Friday, October 16, 2009

Pakistan Notebook

Impressions from one front in what we used to call the War on Terror.

By Clifford D. May

Islamabad — I picked an interesting moment to visit Pakistan: four terrorist attacks in less than a week. The first was at the World Food Programme office here in the capital: five killed. The second was in the Khyber Bazaar in Peshawar: more than 50 killed. The third was at the military’s General Headquarters (GHQ) in Rawalpindi, where Taliban insurgents, armed with automatic weapons, grenades, and rocket launchers, fought for 22 hours. According to government spokesmen, a brigadier, a colonel, and three commandos were killed. More than two dozen hostages were taken, but most reportedly were saved when a would-be suicide bomber was shot and killed before he managed to detonate his vest.

A couple days later, terrorists attacked a military convoy, killing about 40 near the Swat Valley — territory only recently liberated from the Taliban by Pakistani military forces following a difficult and costly battle.

If you look closely, you’ll see a message written in this blood: “You, Pakistan’s so-called leaders, can’t provide food for the hungry or security for the marketplace. Your soldiers and officers can’t even protect themselves. You are useless and weak. You will submit. Or we will destroy you.”

Pakistanis can be remarkably nonchalant about terrorism: They have suffered 129 terrorist attacks in the two years since the assassination of Benazir Bhutto. Since Sept. 11, 2001, at least 5,000 Pakistanis have been killed in acts of terrorism.

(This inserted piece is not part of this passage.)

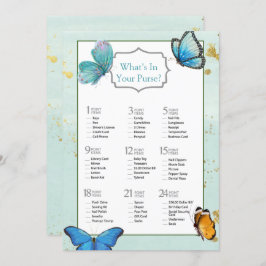 Chic Teal Blue Watercolor Butterfly Möhippa Inbjudningar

But the assault on the GHQ seems to have shaken people up. Hitting the Pakistani equivalent of the Pentagon is, as a headline in the daily newspaper Dawn puts it: “audacious.” The military is the country’s strongest, proudest, and most durable institution. Retaliation is expected, probably in Waziristan, where the Taliban seems to have made recent gains. 

I was invited to Pakistan by the State Department under a “U.S. Speaker and Specialist” program intended to improve the dialogue between Pakistanis and Americans. My hosts have been the American embassy in Islamabad and the U.S. consulates in Lahore and Karachi. Terrorist attacks have been carried out in all three cities. Americans have been among the targets. An American security official tells me: “There will be more. It’s a question of when, not if.”

I have been speaking at universities; meeting with journalists, government officials, religious leaders, and think-tank scholars; and doing radio, television, and newspaper interviews. People seem eager to talk to me, to tell me what they think, question me, argue about terrorism — how to define it, what causes it, how Pakistanis and Americans should respond.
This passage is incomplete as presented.